Dr. Dawkins has repeatedly warned that U.S. evangelicals represent "Christian fascism" and "an American Taliban" that seeks to emulate and enforce "The God of the Old Testament [who] has got to be the most unpleasant character in all fiction: jealous, and proud of it, petty, vindictive, unjust, unforgiving, racist." Fear of this curmudgeonly "God" is embedded into children's psyche: beware the bogeyman who watches everything you do and just looks for ways to punish you in the most horrific ways.

In the New Testament, Dawkins accurately noted that "St Paul's nasty, sado-masochistic doctrine of atonement for original sin" is, essentially, psychological and emotional child abuse: "Innocent children are being saddled with demonstrable falsehoods. . . . It's time to question the abuse of childhood innocence with superstitious ideas of hellfire and damnation." Fear is again instilled into children. Many also pay a physical price as the Right Reverend John Shelby Spong noted in relation to circumcision:

Mutilating the baby instead of teaching each child the arts of good hygiene is bad practice, bad ethics, bad theology and a bad idea. I do not understand how any religious system could ever endorse that. Female circumcision -- I prefer to call it "female genital mutilation" -- is still practiced in parts of Christian Africa. It too is said to have health benefits. I think not. Both of these practices represent control tactics and guilt laden castration rites born out of the superstition and ignorance of the past. I regard circumcision in both sexes as a barbaric act with no redeeming features. I find it almost laughable that the same religious voices that oppose the use of condoms would now support circumcision as a health practice.

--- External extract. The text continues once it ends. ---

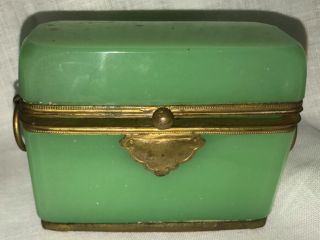 Antique Mid 19th Century Sugar Box Made Of Green Opaline Glass.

Circumcision. A necessary ritual ordained by the Old Testament "God"? A modern day health practice? Neither. The dogma, rites and rituals of organized religion have but one goal: social control and political power. In their book Created Equal: Why Gay Rights Matter to America, Michael Nava and Robert Dawidoff exposed the warped "thinking" and politically motivated strategies of America's evangelical Christian Right:

Why, one must ask, if heterosexuality is "natural," is all this effort being expended to promote it? Is it because what is being promoted is not natural sexuality but a form of social organization that excludes those to whom its promotions are not addressed?

The anti-gay right, oddly enough, understands this as most of the heterosexual world does not. The theory of "homosexual recruitment" advanced by them to oppose gay and lesbian rights rests on the premise that sexual desire is amorphous and can be channeled into homosexuality as easily as into heterosexuality. Thus, because anti-gay rightists believe that "the homosexual lifestyle is based on the recruitment and exploitation of vulnerable young men," homosexuality must be suppressed to save all those sad young men.

In fact, however, heterosexuals are not recruited by homosexuals; rather, homosexuals are recruited by heterosexuals almost from the moment they are born. The homosexual recruitment fantasy is simply one more instance of how heterosexuals project their own behavior onto the victims of that behavior as a justification for persisting in it.

As Austin Cline astutely noted in commenting on the Nava and Dawidoff study, "the only 'recruitment' going on is being done by the Christian Right. These Christians see the traditional structures of power, authority, and privilege being worn away by the winds of modern culture and this disturbs them greatly. There was a time when white Protestant Christians were at the top of the social ladder and defined the common culture which all Americans partook of."

Social control, political power and personal gain can easily account for why the deceitful leaders of the evangelical Christian Right hawk their pathological dogma and propaganda. The real question is why so many Americans who claim to believe in equality, liberty and justice for all listen to and follow them.

Part of the answers may be the fear resulting from the 9/11 attacks (which Jerry Falwell blamed on gays and those who didn't believe as he told them to), America's schizophrenic attitude toward sex, and the country's historical fear of enfranchising formerly disenfranchised groups.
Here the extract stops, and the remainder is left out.